Take the entries below and retype them word for word, excluding the images.

Data supplied Block Start

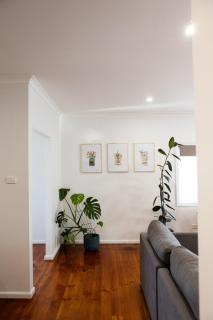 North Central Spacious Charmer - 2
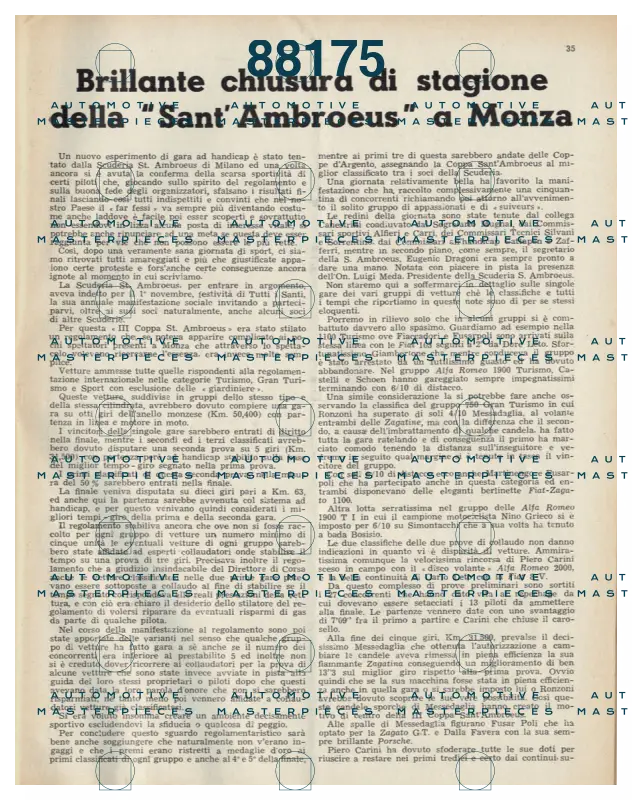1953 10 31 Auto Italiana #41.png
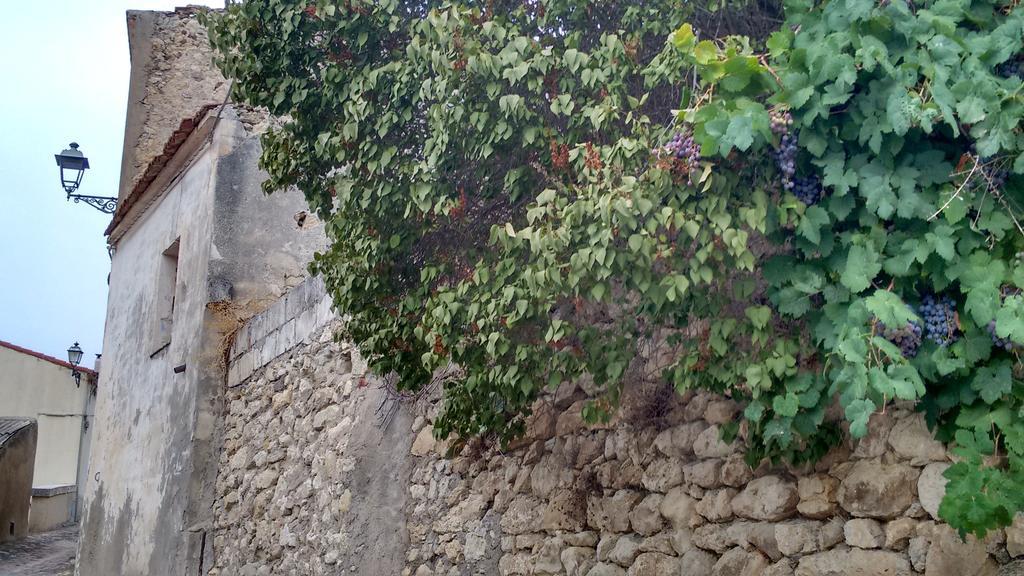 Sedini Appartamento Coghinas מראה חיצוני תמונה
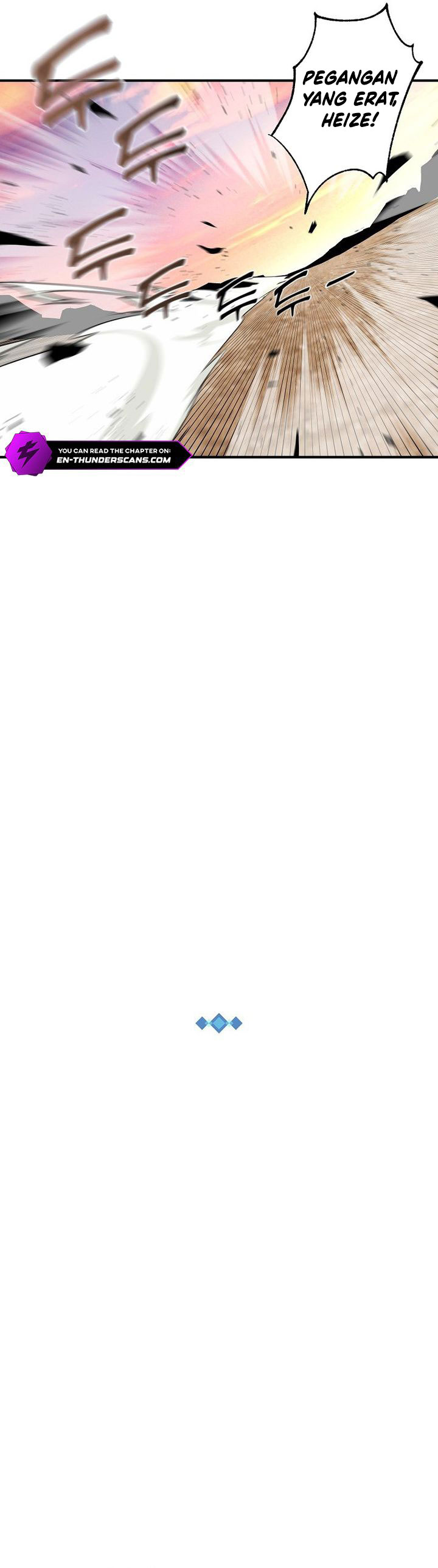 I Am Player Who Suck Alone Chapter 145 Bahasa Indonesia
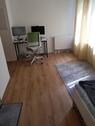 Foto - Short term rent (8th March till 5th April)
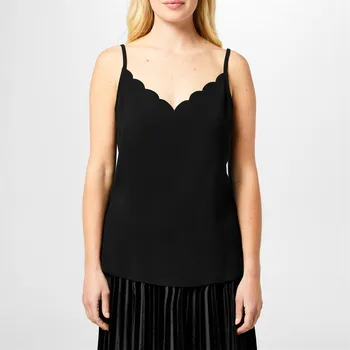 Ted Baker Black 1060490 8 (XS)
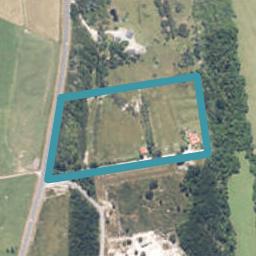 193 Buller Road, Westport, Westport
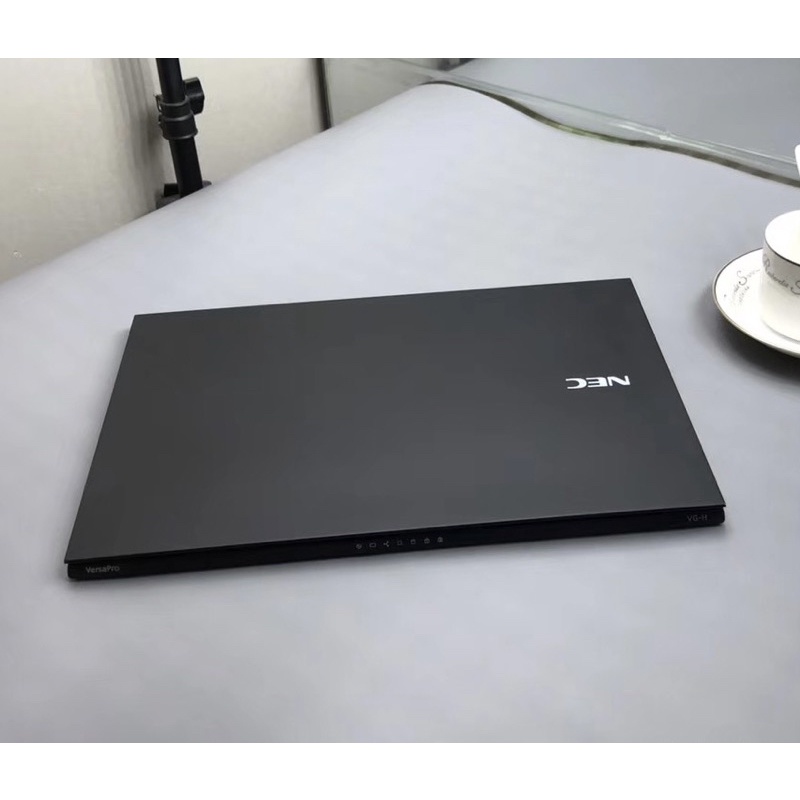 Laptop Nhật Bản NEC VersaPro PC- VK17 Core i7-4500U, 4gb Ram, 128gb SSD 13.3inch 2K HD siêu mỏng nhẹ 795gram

Data supplied Block End

Solution below:
 North Central Spacious Charmer - 2
1953 10 31 Auto Italiana #41.png
 Sedini Appartamento Coghinas מראה חיצוני תמונה
 I Am Player Who Suck Alone Chapter 145 Bahasa Indonesia
 Foto - Short term rent (8th March till 5th April)
 Ted Baker Black 1060490 8 (XS)
 193 Buller Road, Westport, Westport
 Laptop Nhật Bản NEC VersaPro PC- VK17 Core i7-4500U, 4gb Ram, 128gb SSD 13.3inch 2K HD siêu mỏng nhẹ 795gram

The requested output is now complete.